WHAT TO WORK ON: Search the listing below for the word "Premium" and copy each line that holds it.

DATA SHOWN:
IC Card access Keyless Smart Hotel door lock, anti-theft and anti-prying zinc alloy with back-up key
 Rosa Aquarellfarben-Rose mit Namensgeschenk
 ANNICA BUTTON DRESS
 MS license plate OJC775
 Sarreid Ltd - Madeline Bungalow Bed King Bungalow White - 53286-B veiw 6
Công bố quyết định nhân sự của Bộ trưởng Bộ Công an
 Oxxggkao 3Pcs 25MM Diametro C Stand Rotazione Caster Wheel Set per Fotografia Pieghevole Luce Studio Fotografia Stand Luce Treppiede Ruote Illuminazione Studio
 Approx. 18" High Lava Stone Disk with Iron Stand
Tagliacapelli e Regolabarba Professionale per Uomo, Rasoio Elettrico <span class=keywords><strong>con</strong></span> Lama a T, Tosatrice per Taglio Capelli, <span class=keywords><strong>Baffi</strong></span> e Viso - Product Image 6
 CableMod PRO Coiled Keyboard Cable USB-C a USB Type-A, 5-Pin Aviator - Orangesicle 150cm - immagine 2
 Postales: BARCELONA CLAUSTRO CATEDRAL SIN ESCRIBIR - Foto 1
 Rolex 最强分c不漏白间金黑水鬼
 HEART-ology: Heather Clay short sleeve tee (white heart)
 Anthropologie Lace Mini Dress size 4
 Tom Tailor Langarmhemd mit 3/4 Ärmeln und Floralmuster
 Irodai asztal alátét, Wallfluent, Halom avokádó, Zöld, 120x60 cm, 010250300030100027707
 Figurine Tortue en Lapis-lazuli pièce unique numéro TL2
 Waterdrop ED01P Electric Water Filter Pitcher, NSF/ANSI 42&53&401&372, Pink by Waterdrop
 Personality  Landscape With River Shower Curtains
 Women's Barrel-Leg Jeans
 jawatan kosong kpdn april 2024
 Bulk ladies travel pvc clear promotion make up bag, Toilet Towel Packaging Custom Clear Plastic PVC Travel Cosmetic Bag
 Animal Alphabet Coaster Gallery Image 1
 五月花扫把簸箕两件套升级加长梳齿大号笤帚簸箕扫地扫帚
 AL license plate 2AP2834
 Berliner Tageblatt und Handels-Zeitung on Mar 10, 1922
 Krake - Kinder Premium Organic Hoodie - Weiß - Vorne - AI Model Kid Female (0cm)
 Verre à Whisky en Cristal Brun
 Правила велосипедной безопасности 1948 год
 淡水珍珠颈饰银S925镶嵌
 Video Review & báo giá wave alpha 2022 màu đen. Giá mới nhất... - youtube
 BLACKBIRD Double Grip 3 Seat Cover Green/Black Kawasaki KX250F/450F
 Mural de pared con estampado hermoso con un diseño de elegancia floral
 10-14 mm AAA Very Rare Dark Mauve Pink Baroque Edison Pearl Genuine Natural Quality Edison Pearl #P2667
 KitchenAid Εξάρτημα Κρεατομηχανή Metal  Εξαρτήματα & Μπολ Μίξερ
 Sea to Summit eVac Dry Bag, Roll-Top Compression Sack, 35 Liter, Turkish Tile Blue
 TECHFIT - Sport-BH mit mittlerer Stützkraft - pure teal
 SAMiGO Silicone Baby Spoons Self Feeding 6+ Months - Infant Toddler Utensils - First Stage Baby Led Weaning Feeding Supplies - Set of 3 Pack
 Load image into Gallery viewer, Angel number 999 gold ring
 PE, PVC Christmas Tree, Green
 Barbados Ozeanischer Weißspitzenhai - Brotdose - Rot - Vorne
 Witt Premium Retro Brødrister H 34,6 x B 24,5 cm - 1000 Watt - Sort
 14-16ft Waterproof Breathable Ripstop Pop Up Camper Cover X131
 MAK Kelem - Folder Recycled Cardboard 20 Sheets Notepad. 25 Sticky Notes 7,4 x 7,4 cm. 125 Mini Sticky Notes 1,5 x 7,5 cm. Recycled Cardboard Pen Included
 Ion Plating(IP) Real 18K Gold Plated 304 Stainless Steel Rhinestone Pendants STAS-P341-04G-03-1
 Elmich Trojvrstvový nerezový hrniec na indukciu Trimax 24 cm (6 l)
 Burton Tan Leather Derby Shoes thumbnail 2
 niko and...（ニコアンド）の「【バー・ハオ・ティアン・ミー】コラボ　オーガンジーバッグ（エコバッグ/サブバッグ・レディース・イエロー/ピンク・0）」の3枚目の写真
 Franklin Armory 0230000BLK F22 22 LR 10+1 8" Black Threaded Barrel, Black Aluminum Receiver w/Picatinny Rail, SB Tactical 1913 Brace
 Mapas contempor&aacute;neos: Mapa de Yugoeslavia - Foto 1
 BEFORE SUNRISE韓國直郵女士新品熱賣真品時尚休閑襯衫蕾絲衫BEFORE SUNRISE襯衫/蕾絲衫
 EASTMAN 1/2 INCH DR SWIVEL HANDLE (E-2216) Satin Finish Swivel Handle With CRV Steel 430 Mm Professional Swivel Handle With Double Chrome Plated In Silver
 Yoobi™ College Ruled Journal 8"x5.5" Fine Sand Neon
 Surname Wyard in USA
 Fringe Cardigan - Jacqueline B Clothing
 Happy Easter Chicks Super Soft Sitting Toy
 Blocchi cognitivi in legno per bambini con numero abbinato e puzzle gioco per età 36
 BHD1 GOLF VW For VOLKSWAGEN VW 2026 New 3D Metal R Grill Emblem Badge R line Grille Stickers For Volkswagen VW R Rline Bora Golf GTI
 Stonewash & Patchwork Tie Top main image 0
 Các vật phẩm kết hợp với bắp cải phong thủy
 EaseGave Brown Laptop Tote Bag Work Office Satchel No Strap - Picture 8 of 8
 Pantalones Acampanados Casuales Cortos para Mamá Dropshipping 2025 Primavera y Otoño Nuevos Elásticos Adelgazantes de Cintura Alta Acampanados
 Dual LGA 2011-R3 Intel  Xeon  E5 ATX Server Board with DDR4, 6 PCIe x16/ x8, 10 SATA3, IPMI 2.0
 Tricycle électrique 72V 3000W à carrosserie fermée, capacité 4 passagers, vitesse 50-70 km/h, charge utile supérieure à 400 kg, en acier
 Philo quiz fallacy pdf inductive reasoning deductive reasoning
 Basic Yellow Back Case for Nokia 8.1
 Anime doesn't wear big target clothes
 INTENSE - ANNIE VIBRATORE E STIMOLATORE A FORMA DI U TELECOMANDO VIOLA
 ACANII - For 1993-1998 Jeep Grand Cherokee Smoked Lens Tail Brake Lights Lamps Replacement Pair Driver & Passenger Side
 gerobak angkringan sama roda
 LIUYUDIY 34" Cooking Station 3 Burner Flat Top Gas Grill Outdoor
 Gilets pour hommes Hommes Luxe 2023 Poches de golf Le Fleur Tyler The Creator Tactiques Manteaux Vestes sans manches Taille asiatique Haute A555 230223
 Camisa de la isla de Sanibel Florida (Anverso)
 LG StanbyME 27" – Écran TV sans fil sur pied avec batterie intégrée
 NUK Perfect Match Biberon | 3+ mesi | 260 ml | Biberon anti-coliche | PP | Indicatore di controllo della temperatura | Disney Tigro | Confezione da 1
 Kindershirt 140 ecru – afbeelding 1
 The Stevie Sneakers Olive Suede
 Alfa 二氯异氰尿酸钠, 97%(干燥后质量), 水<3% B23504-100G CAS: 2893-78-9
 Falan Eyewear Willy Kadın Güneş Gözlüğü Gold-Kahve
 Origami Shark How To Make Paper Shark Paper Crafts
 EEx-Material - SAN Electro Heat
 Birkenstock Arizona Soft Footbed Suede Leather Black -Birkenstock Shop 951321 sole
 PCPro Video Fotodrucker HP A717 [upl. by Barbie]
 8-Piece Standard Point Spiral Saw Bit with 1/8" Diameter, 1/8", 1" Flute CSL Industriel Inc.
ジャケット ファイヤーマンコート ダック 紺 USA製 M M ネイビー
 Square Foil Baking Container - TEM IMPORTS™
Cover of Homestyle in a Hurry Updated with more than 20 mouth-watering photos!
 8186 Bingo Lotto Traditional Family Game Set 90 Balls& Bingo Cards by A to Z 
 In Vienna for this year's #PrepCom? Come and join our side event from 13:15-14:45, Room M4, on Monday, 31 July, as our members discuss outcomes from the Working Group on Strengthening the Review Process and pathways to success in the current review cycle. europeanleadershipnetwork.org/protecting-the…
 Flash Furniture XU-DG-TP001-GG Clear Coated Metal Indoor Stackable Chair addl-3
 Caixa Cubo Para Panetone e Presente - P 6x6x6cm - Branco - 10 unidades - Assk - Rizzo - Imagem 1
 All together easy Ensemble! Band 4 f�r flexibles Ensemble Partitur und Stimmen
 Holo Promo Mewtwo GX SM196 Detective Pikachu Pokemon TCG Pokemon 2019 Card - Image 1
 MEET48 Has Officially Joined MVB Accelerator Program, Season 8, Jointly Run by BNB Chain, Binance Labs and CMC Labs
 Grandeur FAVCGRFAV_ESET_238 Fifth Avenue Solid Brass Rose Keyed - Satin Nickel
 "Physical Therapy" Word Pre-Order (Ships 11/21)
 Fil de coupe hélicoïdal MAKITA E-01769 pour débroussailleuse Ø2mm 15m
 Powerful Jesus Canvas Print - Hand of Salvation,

RESPONSE FOR THIS EXERCISE:
 Krake - Kinder Premium Organic Hoodie - Weiß - Vorne - AI Model Kid Female (0cm)
 Witt Premium Retro Brødrister H 34,6 x B 24,5 cm - 1000 Watt - Sort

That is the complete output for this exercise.